Victoria closed the border at 11:59pm on Friday to anyone who had been in a Queensland ‘red zone’ – Brisbane, Moreton Bay, Ipswich, Redlands and Logan – on or after January 2.
Those who have returned from Queensland to Victoria since January 2 will now need to get tested and isolate until 6pm on Monday, and await further DHHS advice.
Victoria’s COVID response commander Jeroen Weimar said Victorians who are currently in green zone parts of Queensland should think about coming home, while those planning travel to the state should reconsider.
“At this point, there’s no closure on other parts of Queensland, but my advice would be to start making plans to come home, unless you intend to be up there for a significant period of time,” he told 3AW.
“I would not be planning a trip to Queensland at this time”
The Queensland Government instated a three-day lockdown of Greater Brisbane on Wednesday, following the discovery of COVID-postive hotel cleaner carrying the more-transmissible UK strain of the virus, with the woman visiting differnet parts of the city until testing positive on Wednesday.
Associate Professor Adam Kamradt-Scott, a specialist in global health security at the University of Sydney, said the emergence of the mutant strains such as those from the UK and South Africa, reinforced the ongoing need for diligent infection control.
“We need the general population to still maintain a high level of vigilance: hand-washing, social distancing, masks,” he said.
“These are all measures we know are effective in preventing the spread of the virus.
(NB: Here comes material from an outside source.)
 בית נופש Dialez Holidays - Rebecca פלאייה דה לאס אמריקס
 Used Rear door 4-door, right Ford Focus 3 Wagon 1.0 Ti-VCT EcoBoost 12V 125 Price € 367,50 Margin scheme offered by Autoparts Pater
And unfortunately in Australia we have seen people start to relax these measures with the thought ‘we are now back to normal’ – and we are not.”
Travellers to Australia will be mandated to return a negative coronavirus test and will be forced to wear a mask on flights around Australia and in airports, following a meeting of national cabinet on Friday.
Australia’s Deputy Chief Medical Officer Paul Kelly said the changes would not be “silver bullets” in the country’s pandemic response.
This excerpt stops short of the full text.